== Available data ==

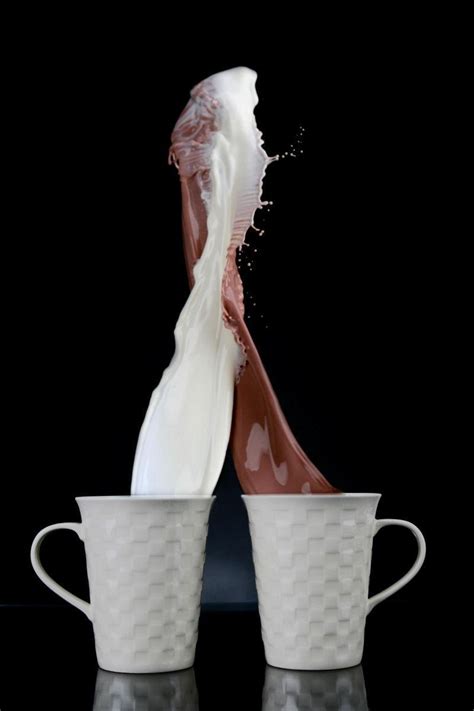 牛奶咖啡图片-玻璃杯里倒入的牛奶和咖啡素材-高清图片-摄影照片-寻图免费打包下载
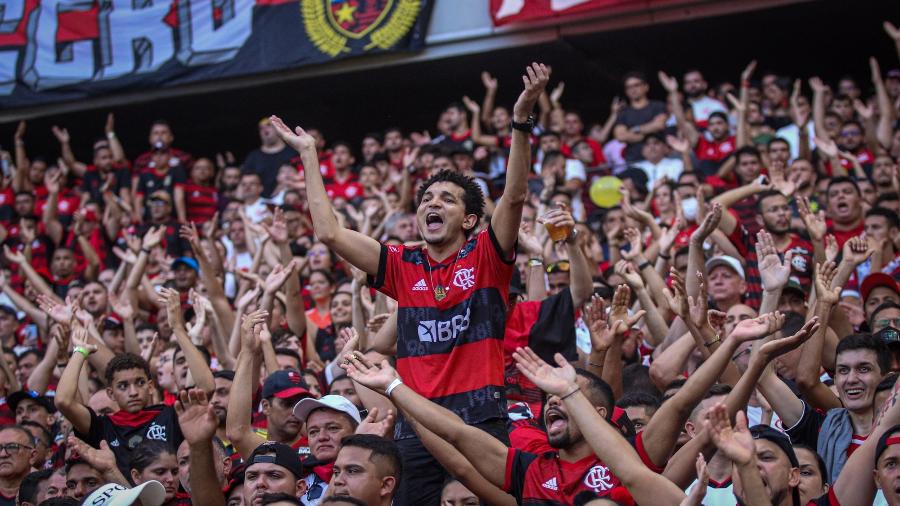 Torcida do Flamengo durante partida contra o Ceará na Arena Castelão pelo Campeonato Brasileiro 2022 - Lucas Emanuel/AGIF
* * *
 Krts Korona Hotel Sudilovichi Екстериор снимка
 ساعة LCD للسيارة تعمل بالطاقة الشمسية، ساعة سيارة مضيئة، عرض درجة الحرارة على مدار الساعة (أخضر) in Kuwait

== Task to carry out ==
From the records above, reproduce exactly the lines from the one with "Krts Korona Hotel" to the one with "ساعة LCD للسيارة", both included, and no others.

== The answer ==
 Krts Korona Hotel Sudilovichi Екстериор снимка
 ساعة LCD للسيارة تعمل بالطاقة الشمسية، ساعة سيارة مضيئة، عرض درجة الحرارة على مدار الساعة (أخضر) in Kuwait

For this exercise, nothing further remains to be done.